We submitted fingerprints to FBI two months ago. Still now I did not get any receipt or any message from FBI. My credit card is charged one month ago. Is there a way to check the status of US PCC? Is there any email or contact number of FBI where i can contact them regarding the status of my PCC.


----------



## gbr (Jul 20, 2013)

simonparisipogu said:


> We submitted fingerprints to FBI two months ago. Still now I did not get any receipt or any message from FBI. My credit card is charged one month ago. Is there a way to check the status of US PCC? Is there any email or contact number of FBI where i can contact them regarding the status of my PCC.


They take about 12 weeks for processing the PCC. If your credit card has been charged, you don't have to worry. You will get a response from FBI within another 4 weeks. However, it is possible that the response may indicate that your application could not be processed due to various reasons (Fingerprint not proper, details not complete etc.). This means that you will have to do the entire thing all over again. 

If you want to check the status, you may call this number: 
Phone: 1304 625 5590 – general enquiries.


----------



## Jayanthkumar (Aug 30, 2013)

gbr said:


> They take about 12 weeks for processing the PCC. If your credit card has been charged, you don't have to worry. You will get a response from FBI within another 4 weeks. However, it is possible that the response may indicate that your application could not be processed due to various reasons (Fingerprint not proper, details not complete etc.). This means that you will have to do the entire thing all over again.
> 
> If you want to check the status, you may call this number:
> Phone: 1304 625 5590 – general enquiries.


Is there any email for general enquiries??? Please let me know the contact email id of fbi.


----------



## tihor (May 2, 2013)

simonparisipogu said:


> We submitted fingerprints to FBI two months ago. Still now I did not get any receipt or any message from FBI. My credit card is charged one month ago. Is there a way to check the status of US PCC? Is there any email or contact number of FBI where i can contact them regarding the status of my PCC.


Mine came in around 5th week. On 4th week my CC was charged. I gave one of my US relative's address for the PCC delivery as only soft copy was required to be uploaded. 
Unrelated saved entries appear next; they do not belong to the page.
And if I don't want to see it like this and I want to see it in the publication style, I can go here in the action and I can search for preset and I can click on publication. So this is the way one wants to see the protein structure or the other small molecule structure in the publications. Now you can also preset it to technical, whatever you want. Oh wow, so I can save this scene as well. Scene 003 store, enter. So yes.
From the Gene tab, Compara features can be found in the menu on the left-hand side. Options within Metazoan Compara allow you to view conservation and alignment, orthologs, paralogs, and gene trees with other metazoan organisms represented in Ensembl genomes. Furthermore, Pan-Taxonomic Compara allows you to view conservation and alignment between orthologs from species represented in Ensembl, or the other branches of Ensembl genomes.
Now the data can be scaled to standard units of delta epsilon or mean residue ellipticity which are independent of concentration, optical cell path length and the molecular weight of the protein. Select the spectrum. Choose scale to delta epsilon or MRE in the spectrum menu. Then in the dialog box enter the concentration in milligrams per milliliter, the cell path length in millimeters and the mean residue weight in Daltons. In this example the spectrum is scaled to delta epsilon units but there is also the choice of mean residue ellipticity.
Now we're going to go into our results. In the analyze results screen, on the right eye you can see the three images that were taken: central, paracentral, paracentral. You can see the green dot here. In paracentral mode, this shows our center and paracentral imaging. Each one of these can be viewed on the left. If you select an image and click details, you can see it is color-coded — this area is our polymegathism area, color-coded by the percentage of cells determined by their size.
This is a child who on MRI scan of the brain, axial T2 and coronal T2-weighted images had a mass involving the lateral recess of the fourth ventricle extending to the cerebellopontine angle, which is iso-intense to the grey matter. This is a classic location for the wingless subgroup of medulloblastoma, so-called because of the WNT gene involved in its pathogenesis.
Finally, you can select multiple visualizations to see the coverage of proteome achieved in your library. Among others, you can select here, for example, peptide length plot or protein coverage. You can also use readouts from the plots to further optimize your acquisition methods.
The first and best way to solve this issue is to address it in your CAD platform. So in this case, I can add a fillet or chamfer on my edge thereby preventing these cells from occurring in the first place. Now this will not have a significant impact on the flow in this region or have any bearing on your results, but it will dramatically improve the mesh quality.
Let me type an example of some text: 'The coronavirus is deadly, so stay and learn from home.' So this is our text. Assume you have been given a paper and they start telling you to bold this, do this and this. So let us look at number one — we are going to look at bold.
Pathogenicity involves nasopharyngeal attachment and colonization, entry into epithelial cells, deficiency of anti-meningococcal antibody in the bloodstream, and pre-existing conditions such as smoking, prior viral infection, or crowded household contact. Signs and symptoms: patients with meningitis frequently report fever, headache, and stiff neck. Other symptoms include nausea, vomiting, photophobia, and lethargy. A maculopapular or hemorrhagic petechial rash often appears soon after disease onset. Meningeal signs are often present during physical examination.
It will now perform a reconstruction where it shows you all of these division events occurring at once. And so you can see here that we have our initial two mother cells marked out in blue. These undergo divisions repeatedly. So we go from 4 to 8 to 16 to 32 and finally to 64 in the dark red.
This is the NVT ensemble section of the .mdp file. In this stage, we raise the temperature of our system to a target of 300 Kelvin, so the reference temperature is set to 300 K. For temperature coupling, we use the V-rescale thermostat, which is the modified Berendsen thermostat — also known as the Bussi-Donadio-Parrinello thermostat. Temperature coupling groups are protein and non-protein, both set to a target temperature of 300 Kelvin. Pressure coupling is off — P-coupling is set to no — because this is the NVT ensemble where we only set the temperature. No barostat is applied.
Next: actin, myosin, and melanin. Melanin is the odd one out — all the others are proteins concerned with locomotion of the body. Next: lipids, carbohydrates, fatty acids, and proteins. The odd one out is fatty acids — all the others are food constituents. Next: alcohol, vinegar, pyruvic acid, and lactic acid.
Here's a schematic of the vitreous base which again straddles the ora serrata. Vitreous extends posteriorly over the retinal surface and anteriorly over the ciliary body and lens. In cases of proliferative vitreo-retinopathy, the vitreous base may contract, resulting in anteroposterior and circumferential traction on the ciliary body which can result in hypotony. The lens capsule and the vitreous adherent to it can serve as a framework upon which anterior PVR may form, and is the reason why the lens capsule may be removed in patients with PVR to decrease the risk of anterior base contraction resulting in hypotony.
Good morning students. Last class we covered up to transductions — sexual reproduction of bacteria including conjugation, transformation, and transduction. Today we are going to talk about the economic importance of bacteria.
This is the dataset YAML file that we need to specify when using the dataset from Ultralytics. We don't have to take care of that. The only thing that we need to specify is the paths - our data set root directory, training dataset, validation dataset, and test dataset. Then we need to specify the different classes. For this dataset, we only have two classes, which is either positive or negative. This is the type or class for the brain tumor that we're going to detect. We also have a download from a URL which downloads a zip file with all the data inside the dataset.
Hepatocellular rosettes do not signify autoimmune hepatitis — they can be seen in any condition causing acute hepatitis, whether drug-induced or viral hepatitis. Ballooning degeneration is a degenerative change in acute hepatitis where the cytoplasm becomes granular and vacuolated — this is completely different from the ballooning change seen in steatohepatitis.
Where address did you give for delivery of PCCs?


----------



## Jayanthkumar (Aug 30, 2013)

tihor said:


> Mine came in around 5th week. On 4th week my CC was charged. I gave one of my US relative's address for the PCC delivery as only soft copy was required to be uploaded.
> 
> Where address did you give for delivery of PCCs?


i gave indian address.


----------



## tihor (May 2, 2013)

Jayanthkumar said:


> i gave indian address.


hmm.. we just have to wait then.


----------



## Jayanthkumar (Aug 30, 2013)

tihor said:


> hmm.. we just have to wait then.


I called the FBI customer care. They told me that my US PCC was sent to me one month ago by USPS but i did not receive it. How long will it take to get USPS mail from US to India???


----------



## Murali_D (Dec 10, 2013)

*FBI PCC delayed*



Jayanthkumar said:


> I called the FBI customer care. They told me that my US PCC was sent to me one month ago by USPS but i did not receive it. How long will it take to get USPS mail from US to India???


I have applied FBI PCC on Sep 28, 2013. Nov 15, 2013 FBI sent my report to my india address. So far I did not receive it. I called customer care last week and informed that I did not receive the report. They asked me to send a FAX letter to a number which was given by them on email. I immedieatly sent FAX to them. Now my report is under progress to resend. Hoping at least this time it will reach to me.....


----------



## rahulreshu (Aug 11, 2013)

My brother once mailed me something via USPS from Texas and it took over 40 days to reach Mumbai. Postal mail is a terrible idea. Wouldn't surprise me if you get the original mail from them in a couple of weeks.


----------